To compare the various model-based random intercept, CR0, CR2, and random slope standard errors:
data.frame(
mb_ri = sqrt(diag(vcov(m2))), #model-based, X1 too low, should have a random slope
cr0 = sqrt(diag(clvc.cr0)),
cr2 = sqrt(diag(clvc.cr2)),
mb_rs = sqrt(diag(vcov(m3)))
)
mb_ri cr0 cr2 mb_rs
(Intercept) 0.17940193 0.1769892 0.1816634 0.1766116
W1 0.18440995 0.1388063 0.1475850 0.1670175
X1 0.06388752 0.1241862 0.1263732 0.1304942
We see that the model-based RI SEs are too low for the level-1 (X1) variable. All the other models correct for that (due to heterogeneity). In that way, robust standard errors can be used as well as a diagnostic if random slopes are needed too.
The CR2 standard errors can also be computed using:
CR2::robust_mixed(m2)
Standard error type = CR2
Degrees of freedom = Satterthwaite
Estimate mb.se robust.se t.stat df Pr(>t)
(Intercept) 10.707 0.179 0.182 58.938 26.3 <2e-16 ***
W1 0.339 0.184 0.148 2.300 8.9 0.047 *
X1 1.734 0.064 0.126 13.718 27.7 <2e-16 ***
---
Signif. codes: 0 '***' 0.001 '**' 0.01 '*' 0.05 '.' 0.1 ' ' 1
References
Bell, R., & McCaffrey, D. (2002).

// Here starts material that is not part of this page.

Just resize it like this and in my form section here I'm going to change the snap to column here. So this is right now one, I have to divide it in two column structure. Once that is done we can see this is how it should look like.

Bias reduction in standard errors for linear regression with multi-stage samples. Survey Methodology, 28, 169-182.
Huang, F., & Li, X. (2021). Using cluster-robust standard errors when analyzing group-randomized trials with few clusters. Behavior Research Methods. https://doi.org/10.3758/s13428-021-01627-0
Huang, F., Zhang, B., & Li, X. (in press). Using robust standard errors for the analysis of binary outcomes with a small number of clusters. Journal of Research on Educational Effectiveness.
Huang, F., Wiedermann, W., & Zhang, B. (2022). Accounting for heteroskedasticity resulting from between-group differences in multilevel models. Multivariate Behavioral Research. doi: 10.1080/00273171.2022.2077290.

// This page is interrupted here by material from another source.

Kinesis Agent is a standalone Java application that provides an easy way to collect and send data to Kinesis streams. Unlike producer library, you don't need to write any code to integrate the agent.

Liang, K.-Y., & Zeger, S. L. (1986). Longitudinal data analysis using generalized linear models. Biometrika, 73(1), 13-22.
McCaffrey, D., Bell, R., & Botts, C. (2001, August). Generalizations of biased reduced linearization. Paper presented at the Annual Meeting of the American Statistical Association, Atlanta, GA.
Pustejovsky, J. E., & Tipton, E. (2018). Small-sample methods for cluster-robust variance estimation and hypothesis testing in fixed effects models. Journal of Business & Economic Statistics, 36(4), 672-683.